A tale of investigating rising costs in a high velocity startup
Anghami is the leading music & entertainment platform in the Middle East. We’ve been dubbed the Spotify of the Middle East, though we prefer just Anghami. Millions of users use our services daily to enjoy Music, Music Videos or Expressions.
We have been on the AWS Cloud since Day 0, which is 4 years ago, I joined 2 & 1/2 years ago (and my oh my does time fly) and we mostly love the scale and flexibility we get. We rely on AWS’s SQS (Simple Queue Service) to move data asynchronously back and forth through some of our systems. For those that don’t know how SQS or what we call Message Queues work: they are systems (or a service in the case of SQS) where you can push some data we call “Messages” to, from what we call “Producers”, you can then subsequently pull data from it and process it on what we call “Consumers” to accomplish the processing of tasks asynchronously, where “Consumers” usually run the longer running tasks needed to be done like sending out emails to welcome a New User.
The wrapper and core processing implementation around SQS was written before I joined and was working pretty well at the scale we were running it back then. Then something happened, we need to process more data and so we started adding more “Consumers” latching on to SQS to fetch and process “Messages”. That’s when we started to see our SQS costs go up disproportionately to the increase in the number of “Messages” we were processing! Queue panic mode and investigations.
I opened our AWS Billing Dashboard (it was my first time back then) to check what was going on. I found that they provide a tab called “Cost Explorer” which contained the link to “Daily Spend View”. There I chose the date range I was interested in (before and after the jump in costs and addition of “Consumers”), followed by adding a filter for the Service SQS shown above.

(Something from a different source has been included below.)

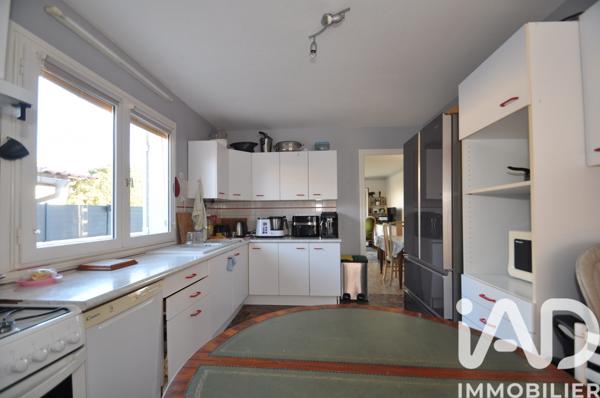 Maison à vendre 5 pièces 121 m² Mérignac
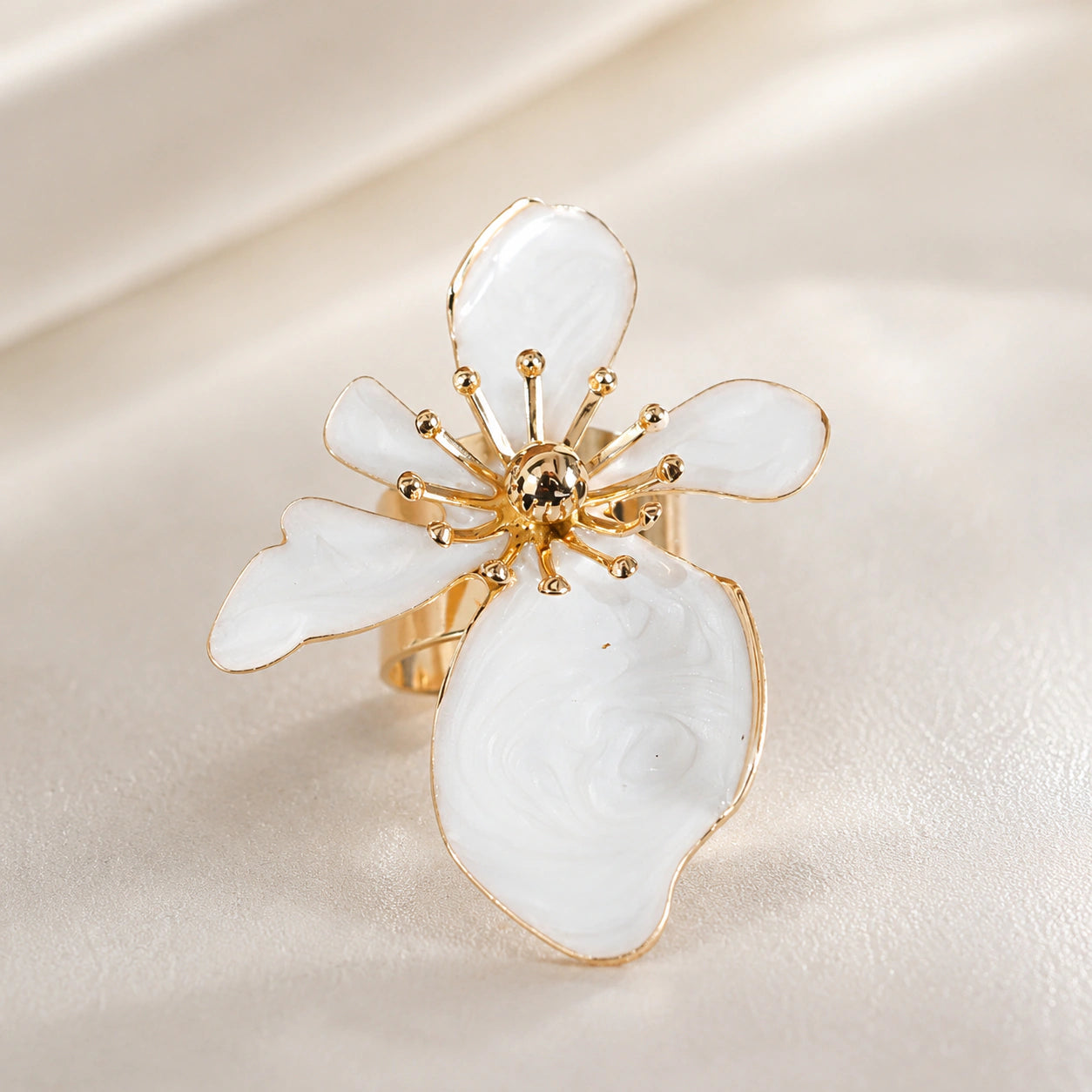 Pearl-white marbled petal statement ring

Then I noticed the Grouping option and then tried to see what the different options were, the magical option for our case was grouping by API Operation which makes sense as SQS charges by number of API Operations, not “Messages”.
The chart provided gave me all the insight I needed to make sense of things. Most of our spend was going towards the GetQueueAttributes call (in blue above). Interesting! I opened up the old piece of code for the SQS Wrapper core we had and checked for calls to the method that invokes that API call, it was being called before every time we try to fetch messages to process to check if the queue had any contents and sleep if it didn’t. This was weird but without it we would keep calling the ReceiveMessage API in a loop (at the time this code was initially written SQS didn’t have long polling). By the time I had adopted the code SQS had long polling so first things first I updated all our Queues to set the Receive Message Wait Time to the max (20 seconds), which basically tells the SQS library to keep the HTTP connection to SQS waiting up to 20 seconds given that it can still receive more messages with the limit being 10 messages per call.
Then I updated the code to utilize the long polling, this removed all our reliance on GetQueueAttributes API Calls and I removed them from the code. That was the first sweep that cut down the bulk of the cost that was basically waste at that point.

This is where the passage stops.